The enterprise may have a loss based on the results of the financial year. An accountant should remember that a loss in reporting draws the attention of tax officials to the company's activities.
Instructions
Step 1
Not a single regulatory act requires taxpayers to justify a loss, but in order to satisfy the interest of the tax authorities, it is worthwhile to formulate well explanations about its occurrence and give specific reasons as arguments.
When applying the general taxation system and PBU 18/02 at the end of the year, use the following arguments as the reasons for the loss:
1. There were difficulties with the sale of products, so revenue falls faster than costs are reduced.
2. Due to the fall in demand, they are forced to lower prices for products, sometimes even below the cost price.
3. The production premises were repaired, and its cost was immediately taken into account in the cost.
Step 2
At the close of the reporting period, form a balance on subaccount 90-9 and write off to account 99 “Profits and losses”, subaccount “Profit (loss) before taxation”.
Upon receipt of a loss, generate the following records: Debit 99 subaccount "Profit (loss) before tax" Credit 90-9 - the loss is reflected by type of activity for the reporting period and Debit 99 subaccount "Profit (loss) before tax" Credit 91-9 - - the loss is reflected on other transactions for the reporting period.
Step 3
When PBU 18/02 is applied simultaneously with the closing of the reporting period, the contingent income should be reflected in the accounting.
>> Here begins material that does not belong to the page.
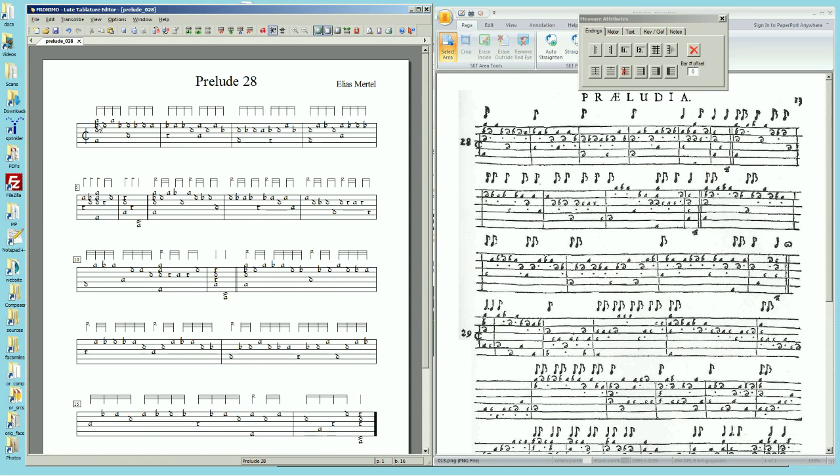Okay, so that's all the notes. Now I'm going to go through and do two things at once: I'm going to proofread it and I'm going to put in the right-hand fingering notations — the dots.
It arises when a loss is received from the enterprise. To calculate this indicator, multiply the total balance on subaccount 90-9 and subaccount 91-9 by the income tax rate (20%).
Reflect the amount of contingent income with the entries: Debit 68 "Calculations for income tax" Credit 99 "Conditional income for income tax" - the amount of contingent income for the reporting period is charged and Debit 09 Credit 68 - a deferred tax asset with a loss is reflected.